— YOUR OBJECTIVE —
Transcribe every entry that follows, word for word, and omit the images.

Scraped caption text data
=======

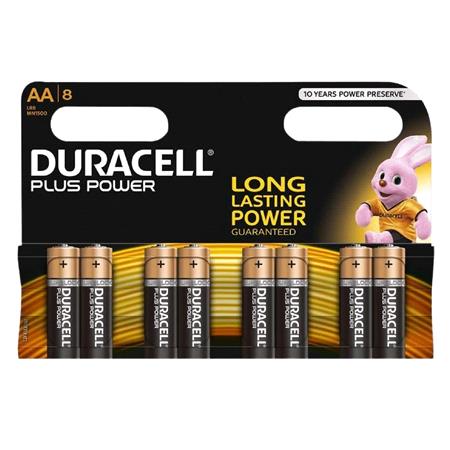Duracell Plus Power Alkaline AA Batteries   Pack of 8 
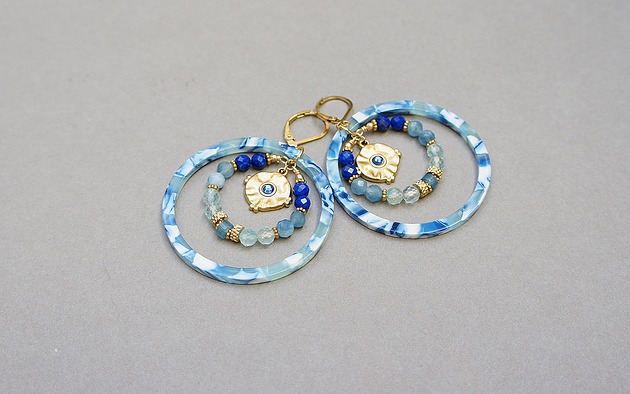 kolczyki z kamieniami Kolczyki Wianki circle  (blue mix)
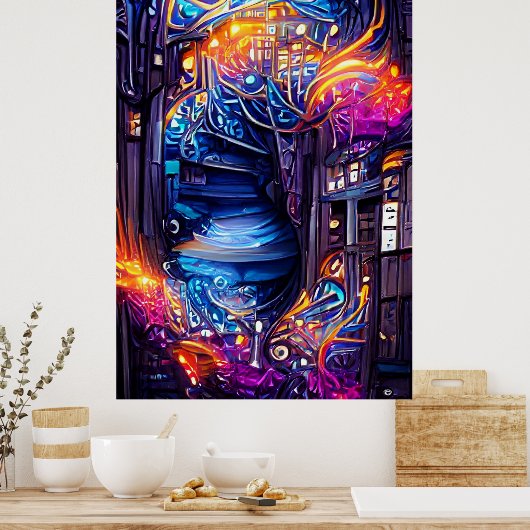 Kleurrijke Fantasy-trap Poster (Keuken)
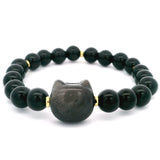 Cat Face Carved Bead & 8mm Rounds Beaded Bracelet with Gold Spacers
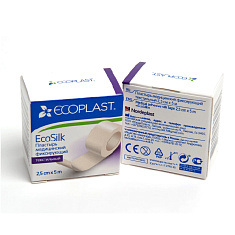 Ecoplast Пластырь фиксирующий текстильный Ecosilk 2,5см X 5м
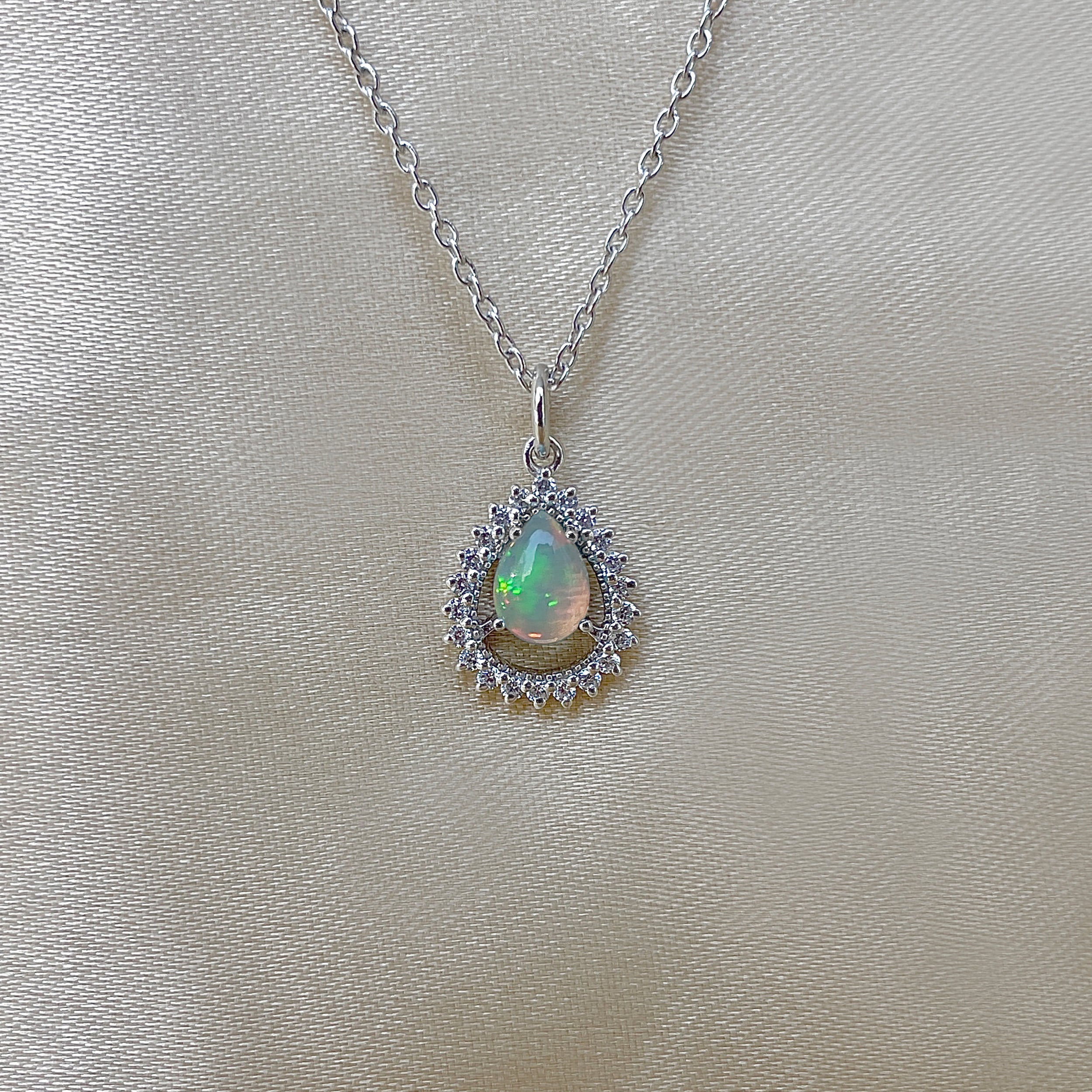 Opal & White Topaz Necklace-(OPL-SN-80.)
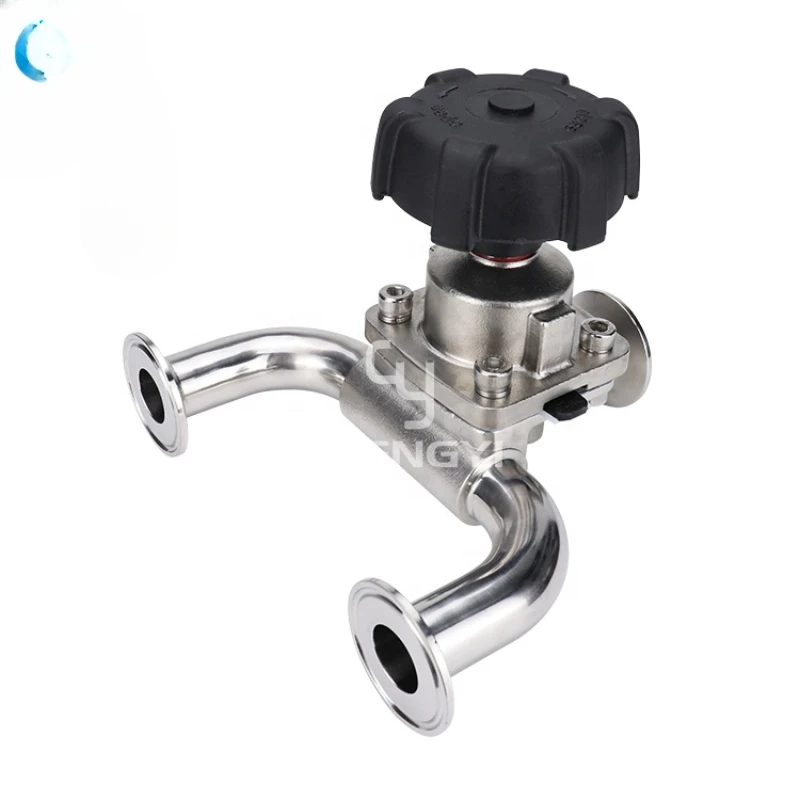 Sanitary stainless steel  U type 3 way diaphragm valve with clamp connection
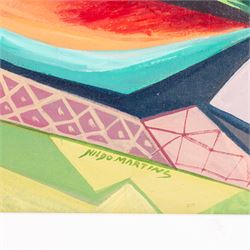 Nildo Martins (Brazilian 1948-): Abstract Fruit in Landscape, oil on board signed 39cm x 59cm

=======

— ANSWER BOX —
Duracell Plus Power Alkaline AA Batteries   Pack of 8 
 kolczyki z kamieniami Kolczyki Wianki circle  (blue mix)
 Kleurrijke Fantasy-trap Poster (Keuken)
 Cat Face Carved Bead & 8mm Rounds Beaded Bracelet with Gold Spacers
 Ecoplast Пластырь фиксирующий текстильный Ecosilk 2,5см X 5м
 Opal & White Topaz Necklace-(OPL-SN-80.)
 Sanitary stainless steel  U type 3 way diaphragm valve with clamp connection
 Nildo Martins (Brazilian 1948-): Abstract Fruit in Landscape, oil on board signed 39cm x 59cm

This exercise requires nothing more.